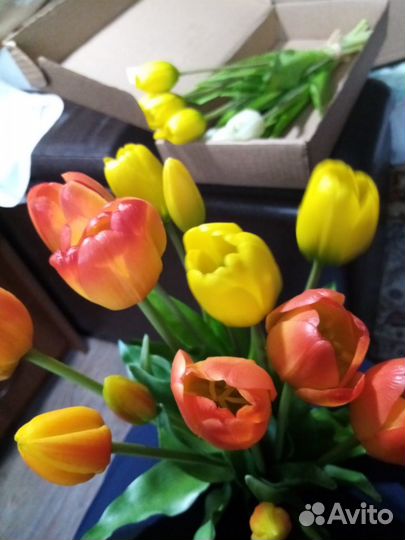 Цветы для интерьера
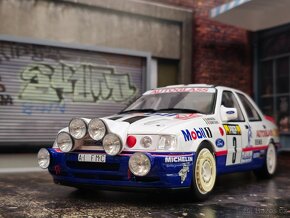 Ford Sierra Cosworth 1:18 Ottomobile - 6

* * *

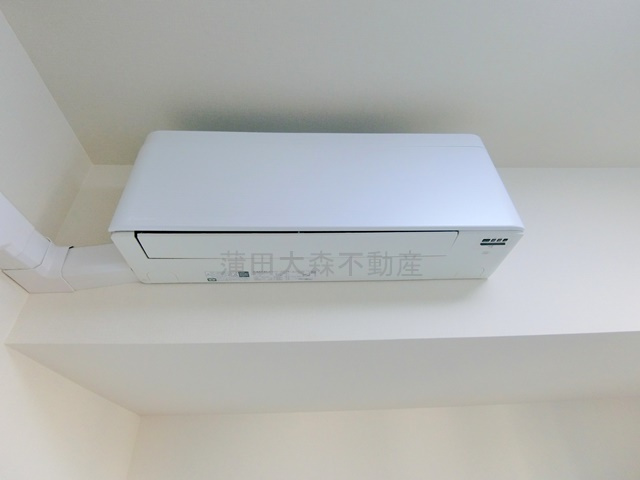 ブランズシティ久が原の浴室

...

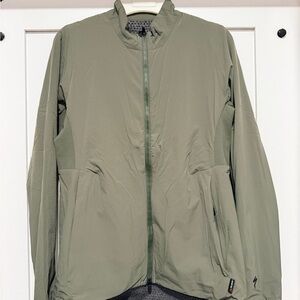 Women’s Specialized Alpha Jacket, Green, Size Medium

* ASSIGNMENT
From the records above, copy only the lines running from the line holding "Цветы для интерьера" through the line holding "Ford Sierra Cosworth 1:18 Ottomobile - 6", with no pictures.

* RESULT OF THE EXERCISE
 Цветы для интерьера
 Ford Sierra Cosworth 1:18 Ottomobile - 6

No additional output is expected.